Short text fragments from websites
╭──
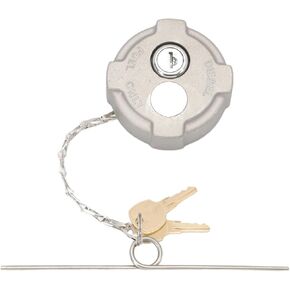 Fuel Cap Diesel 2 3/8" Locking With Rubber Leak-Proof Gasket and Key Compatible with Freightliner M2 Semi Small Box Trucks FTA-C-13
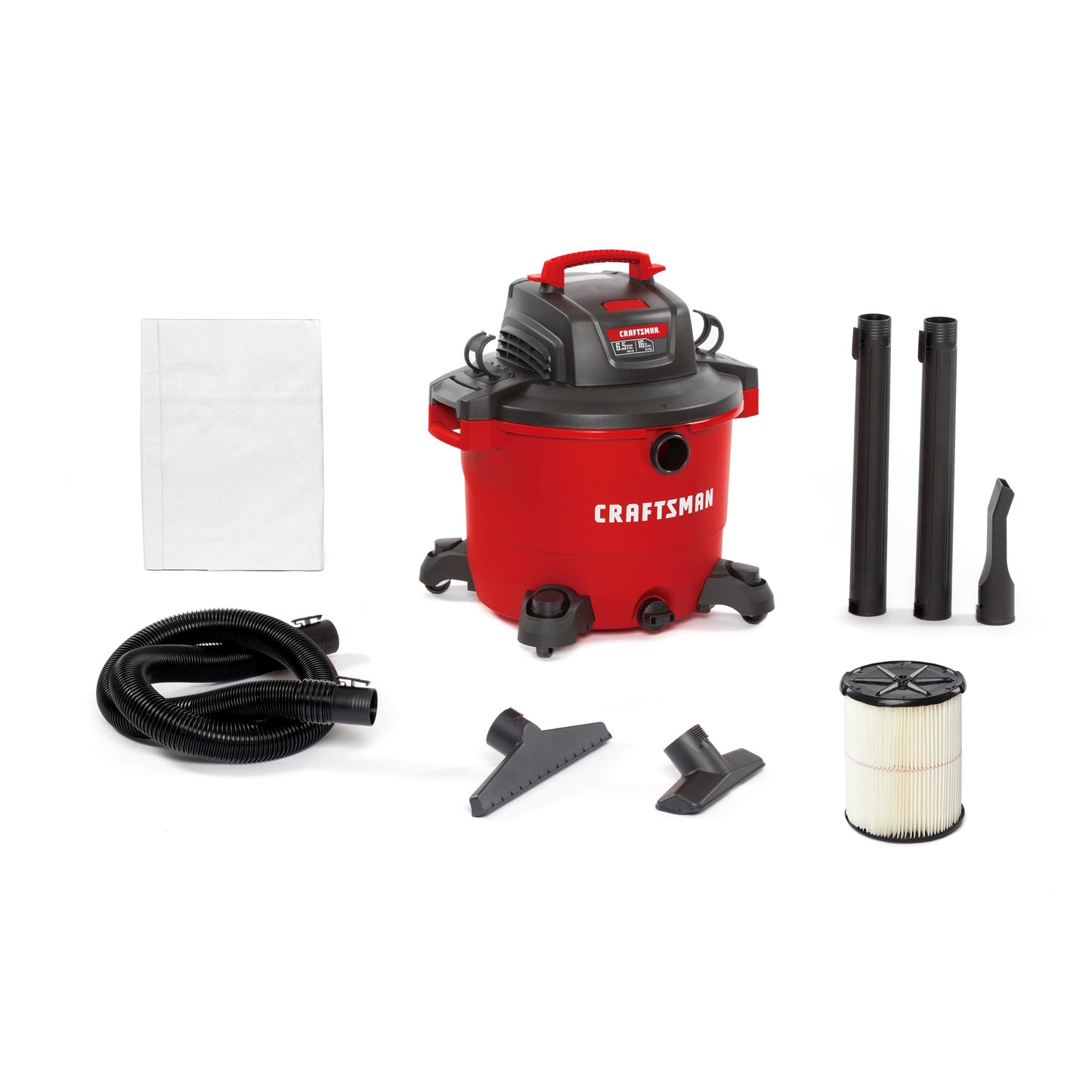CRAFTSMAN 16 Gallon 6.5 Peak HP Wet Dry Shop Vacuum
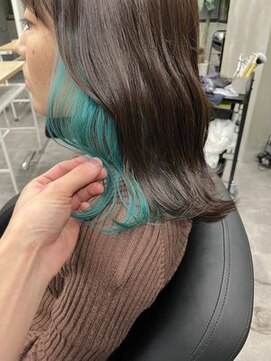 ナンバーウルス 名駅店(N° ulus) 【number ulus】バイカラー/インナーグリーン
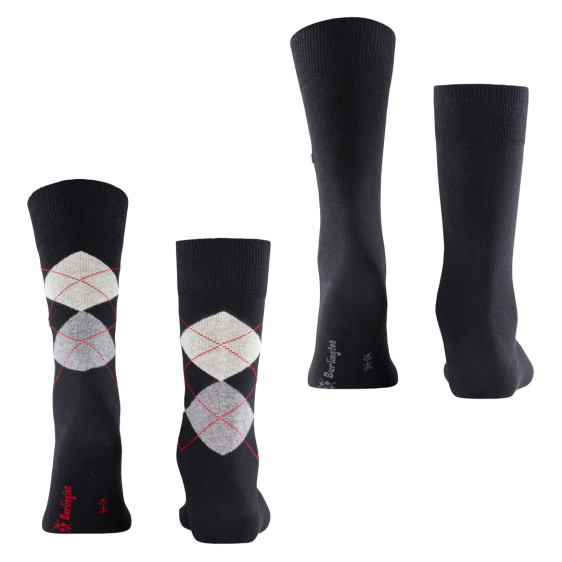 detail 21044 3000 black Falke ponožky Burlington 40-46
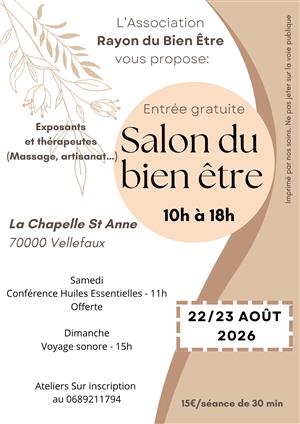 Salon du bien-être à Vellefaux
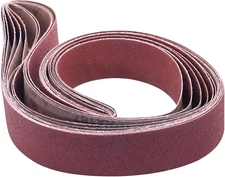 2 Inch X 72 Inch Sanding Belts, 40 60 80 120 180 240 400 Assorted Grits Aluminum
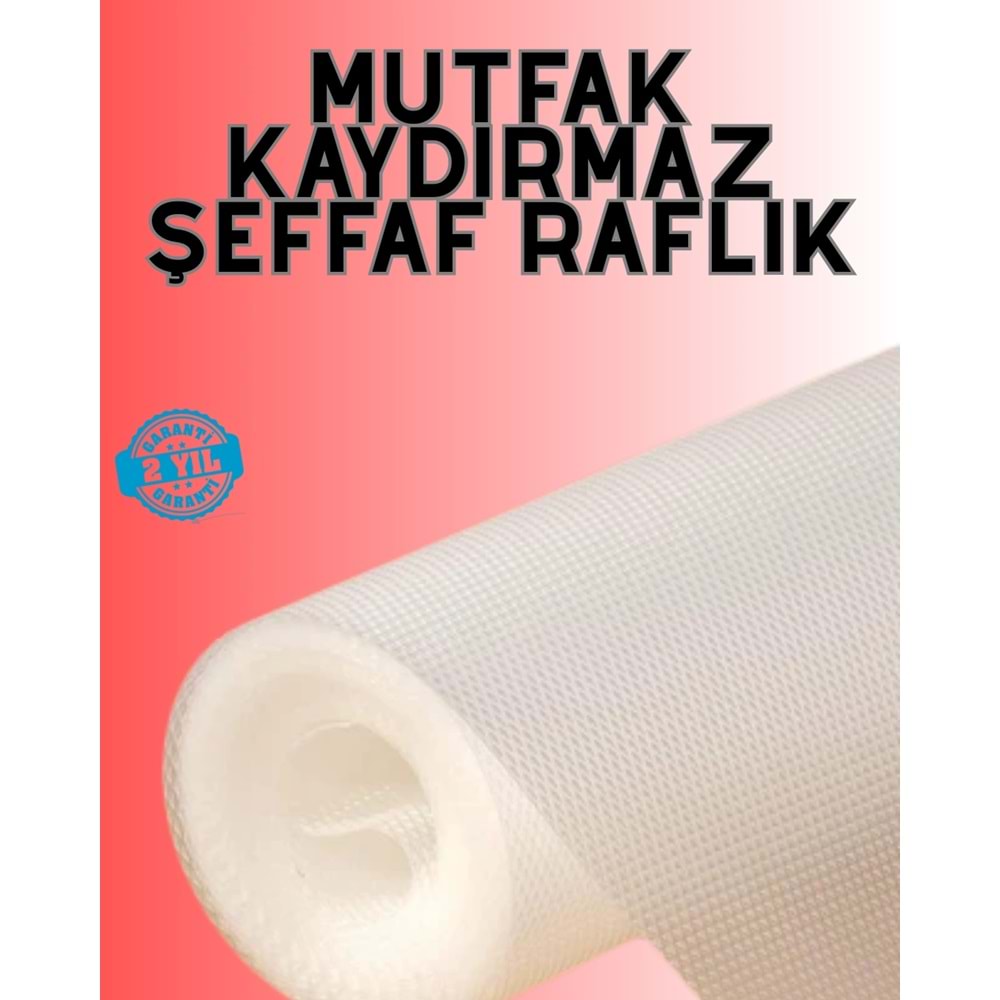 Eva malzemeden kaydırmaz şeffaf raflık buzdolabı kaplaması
╰──
● **Task to complete**: Retype all entries above verbatim; no pictures belong in the copy.

● **Your solution**:
 Fuel Cap Diesel 2 3/8" Locking With Rubber Leak-Proof Gasket and Key Compatible with Freightliner M2 Semi Small Box Trucks FTA-C-13
CRAFTSMAN 16 Gallon 6.5 Peak HP Wet Dry Shop Vacuum
 ナンバーウルス 名駅店(N° ulus) 【number ulus】バイカラー/インナーグリーン
 detail 21044 3000 black Falke ponožky Burlington 40-46
 Salon du bien-être à Vellefaux
 2 Inch X 72 Inch Sanding Belts, 40 60 80 120 180 240 400 Assorted Grits Aluminum
 Eva malzemeden kaydırmaz şeffaf raflık buzdolabı kaplaması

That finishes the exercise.